The Life Insurance Corporation of India (LIC) has selected J Walter Thompson, Mudra Communications, FCB Ulka and Rediffusion TYR to manage its Rs 125 crore advertising account.
In addition to the selected four agencies, the management has also kept another two names — Lintas and Grey Worldwide — for contingency purposes.
The empanelment will take place on August 31 based on the central management committee’s decision after individual agencies make their presentation. The committee comprises of the chairman, the two managing directors, zonal managers and heads of departments.
Ninety-nine ad agencies made a pitch for the LIC account, of which 13 were initially shortlisted. The appointed agencies will be asked to work exclusively for the state-owned insurance corporation, with the idea to ensure commitment and give an uplift to the corporation at a time when it is facing competition from private players.
This followed LIC deciding to do away with dealing with 45 agencies for its countrywide operations. Of the selected agencies, only Mudra Communications has been working for LIC for a long time.
LIC is seen as a lucrative account by the Rs 9,500-crore advertising industry, and one of the biggest today. Indian Oil Corporation’s ad budget exceeds that of LIC, while State Bank of India stands at about Rs 65-70 crore, Unit Trust of India at Rs 30 crore, Hindustan Petroleum Corporation and Bharat Petroleum Corporation, each at about Rs 50-60 crore.
Following the empanelment of the four agencies, the media buying will be given to the agency having the highest volume of business, whereby the corporation would benefit from the getting the cheapest price.
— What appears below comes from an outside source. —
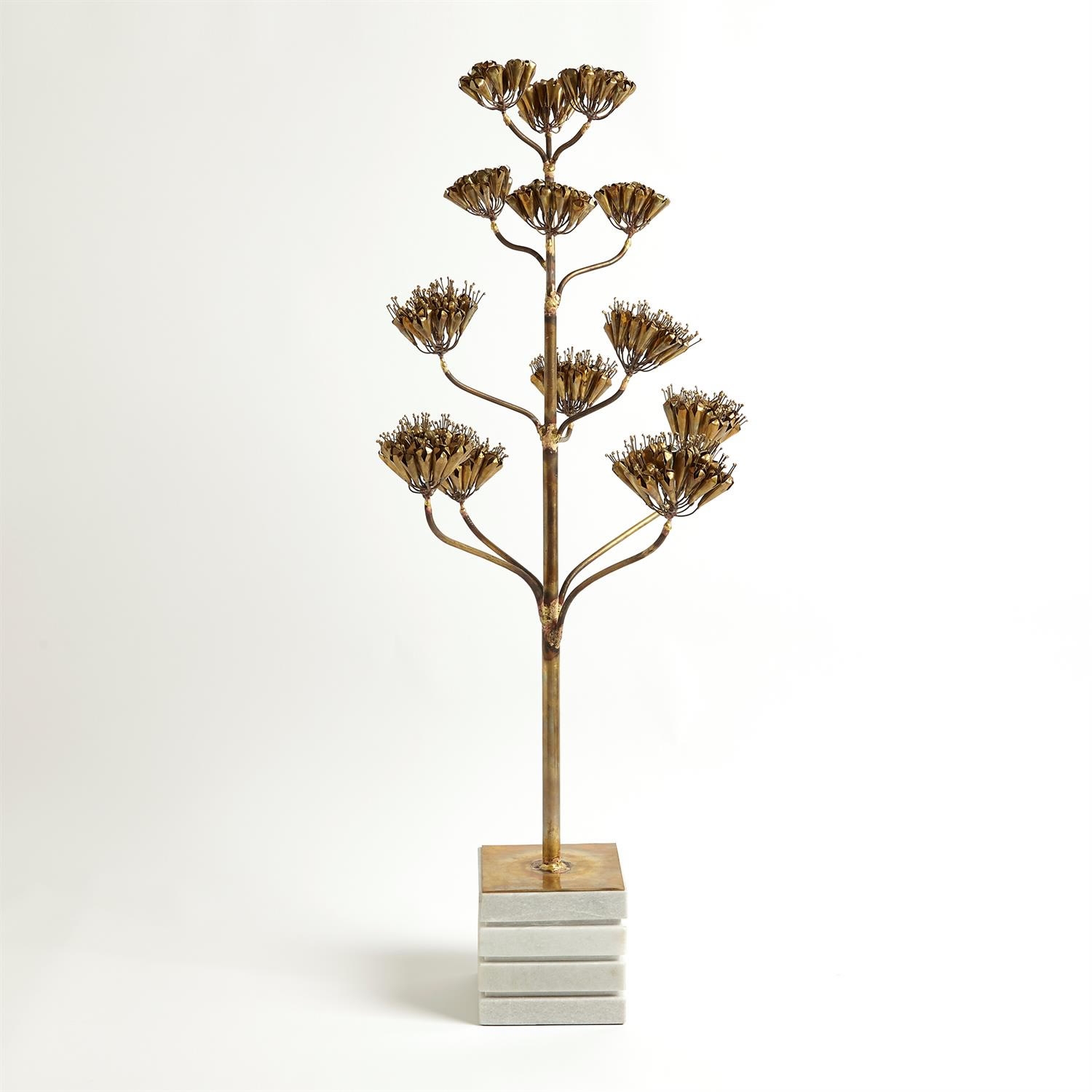 Blooming Century Plant Sculpture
The advertising would be divided based on product and market segment. Different agencies would be asked to look after corporate and retail advertising.
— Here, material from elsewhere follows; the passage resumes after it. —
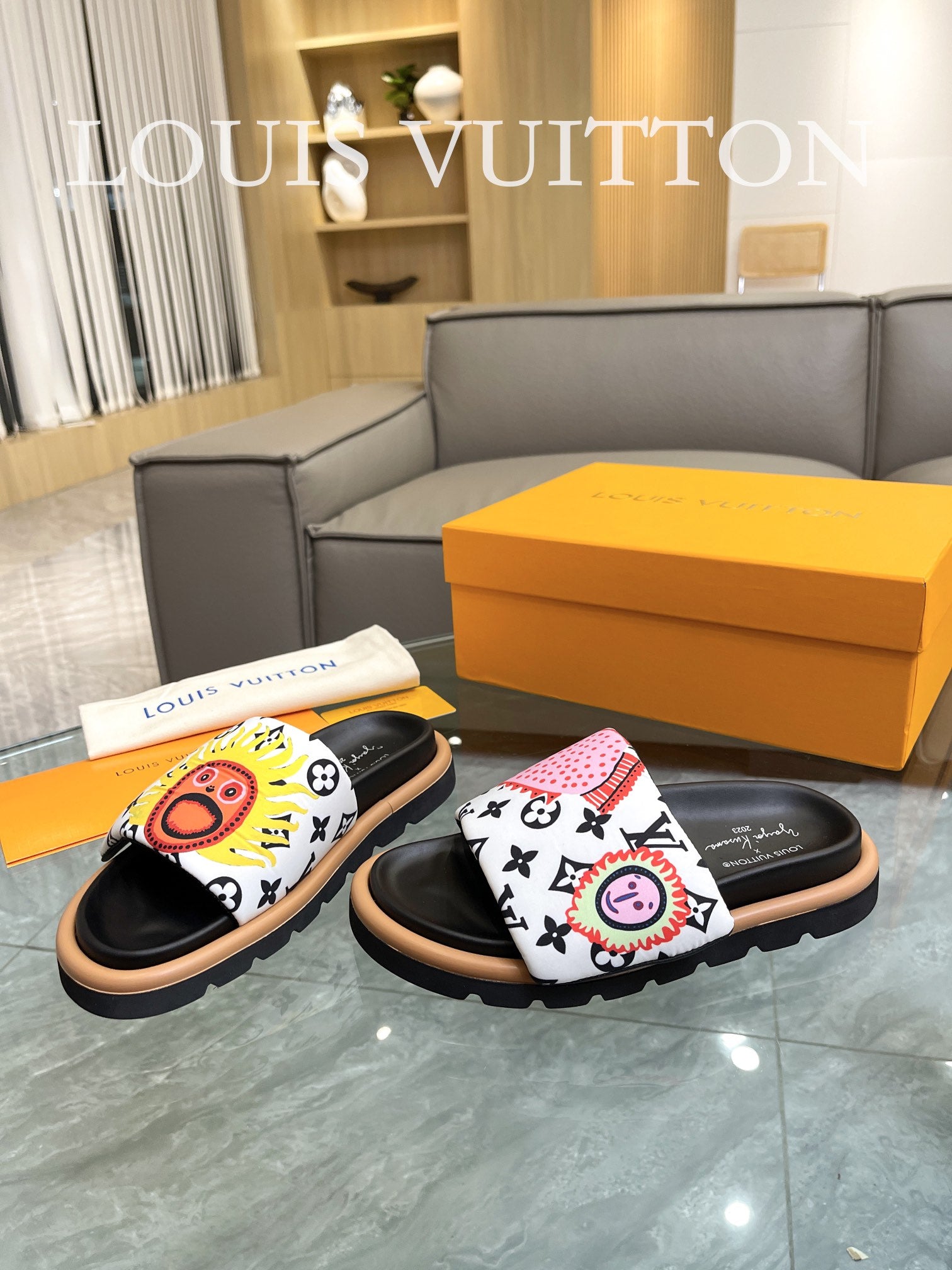 LuxluxHouse Best Quality Sandals Louis Vuitton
Alternatively, LIC could also segregate the business depending upon different product segments like those for children and females, or that of term and endowment policies. Today LIC has 13 ad agencies at the national level and a host of others at each zonal level, taking the total figure to 45 agencies.
Some of the leading ad agencies currently empanelled include R K Swamy and Mudra. Earlier LIC also had O&M PR prior to privatisation.
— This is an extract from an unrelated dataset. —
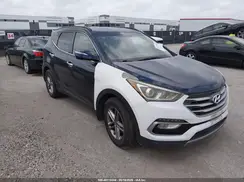 5XYZUDLB3JG524206 2018 HYUNDAI SANTA FE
However, when O&M bagged SBI Life Insurance account, it gave up LIC’s account since it is the usual ethical practice of many public relation (PR) agencies not to have two clients from the same sector.
The eligibility criteria for selecting an agency was that they ought to have a gross income of over Rs 25 crore, having dealt with large corporations in the public sector and having an all-India network with inhouse facilities to make creatives. LIC hopes to uplift its image and ensure greater accountability of those empanelled.
This decision is also in line with the Deloitte & Touche’s report that LIC’s ads have become stereo-type. It had recommended LIC opt for two or three agencies as is the practice worldwide. The earlier consultant — Booz, Allen & Hamilton — had also recommended LIC empanel only one agency.